Salah satu lapak pakaian bekas di Pasar Sentral Timika, Papua Tengah. (IDN Times/Endy Langobelen)
Penolakan tak hanya datang dari pedagang, tapi juga dari konsumen. Uli Artha br. Siregar (45) mengaku masih bergantung pada produk thrift karena harganya jauh lebih terjangkau dibanding pakaian baru di mal.
“Harga di mal ratusan ribu, kualitasnya banyak yang KW. Di thrift masih bisa cari yang bagus dan murah,” katanya.
Sementara itu, pengamat ekonomi Gunawan Benjamin menilai bahwa rencana pemerintah memang memiliki orientasi positif—yakni melindungi industri tekstil dalam negeri. Namun, kebijakan tersebut harus dijalankan secara gradual dan terukur agar tidak menimbulkan gejolak sosial.
“Larangan impor memang dapat memperkuat industri tekstil domestik, tetapi secara bersamaan berisiko meningkatkan pengangguran dan menekan daya beli masyarakat,” jelas Gunawan.
Menurutnya, perdagangan pakaian bekas sudah menjadi bagian dari ekonomi informal di berbagai daerah, termasuk Medan.
“Kebijakan seperti ini perlu diimplementasikan secara gradual dan disertai dengan mekanisme transisi yang jelas agar tidak menimbulkan gejolak sosial-ekonomi, khususnya di wilayah yang memiliki ketergantungan tinggi terhadap perdagangan pakaian bekas,” ujarnya.
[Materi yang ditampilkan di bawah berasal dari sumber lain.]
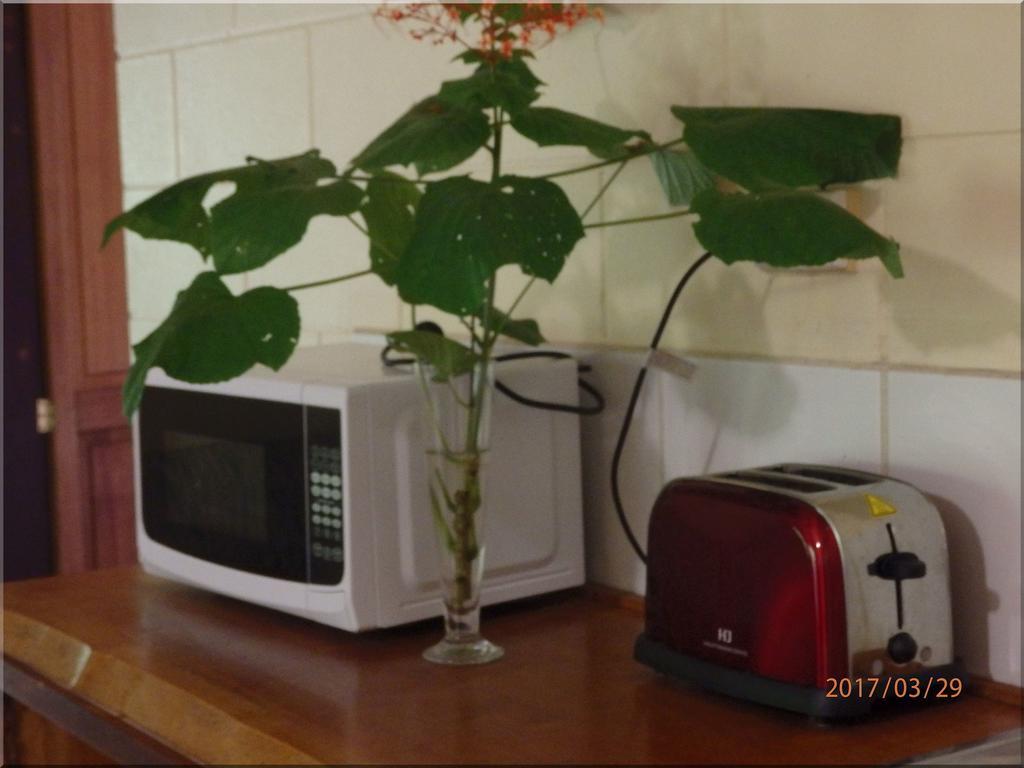 丹特里深林小屋酒店 苦难角 外观 照片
Gunawan juga mengingatkan pentingnya memilih waktu yang tepat sebelum kebijakan diberlakukan. “Kebijakan yang secara substansial baik pun dapat menimbulkan resistensi jika diterapkan pada waktu yang tidak tepat. Idealnya, pemerintah menunggu hingga kapasitas produksi industri tekstil domestik mampu memenuhi kebutuhan pasar nasional,” tambahnya.